Paul Bosco McEneaney's Shh! We Have A Plan, adapted by his Cahoots theatre company from Chris Haughton's children's book, draws forty-five minutes of top-notch universal entertainment from the simplest of questions: what if nature bit back, and how would we react?

Set in a forest in the middle of nowhere, mainly on what seems to be a small island with a big tree surrounded by rocky stepping stones, it is the craft and liveliness that emerges around and on the big tree that holds the fascination of the characters on stage and the audience of all ages from three years onwards off it.

It begins with the use of a handkerchief, behind which the sparkling illusion of a colourful bird hatching from its egg is created. Then, from the tree, a "leaf" is picked up, from which a (paper, but let's pretend it's real) butterfly emerges.

Assistant stage manager Lorcan Reed - let's call him the "master manipulator", the totally not invisible (but it really doesn't matter) propulsion of the bird's flight - is setting the scene for what we can assume to be, although it's not specified, a family. A group with an obsession for wildlife.

The "father" (Hugh W. Brown), "mother" (Claire Cogan) and "daughter" (Philippa O'Hara) are on a quest, a trail to hunt down whatever they can find in the woods and take home for captivity. And the play will draw most, if not all, of its excitement and innovation from the various items, primarily taken from the daughter's backpack, used to devise the titular plans for the group to try and generally fail to capture animals. Without making much of a sound. (Hence "Shh!")

Butterflies and fireflies are easily captured in jars. But the big bird who isn't so big, yellow and talkative (barring "psst", "shh" and a sneeze, no words are spoken in the play) is a much more complicated, intriguing and exciting challenge for our trio.

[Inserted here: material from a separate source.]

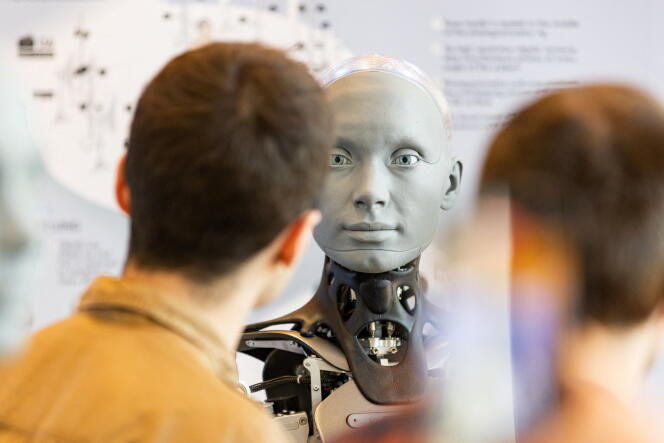 A humanoid robot, during the AI ​​for Good global summit, in Geneva (Switzerland), July 6, 2023.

And downright frustrating too, as no amount of ladders, cages, pulleys, bait and giant unicycles (yes!) are a match for the sense and the smarts of the creature, who knows just when to second guess his or her wannabe captors.

Everything is enlivened with hand movements, props, sound effects and, best of all, choreography and music that bring the group alive in unusual and funny ways, expressions of complacency, intuition, conscience, hunger, sadness and happiness mixing and matching to the rhythm and funk of a Garth McConaghie motif that will remain in your head for hours after the show ends.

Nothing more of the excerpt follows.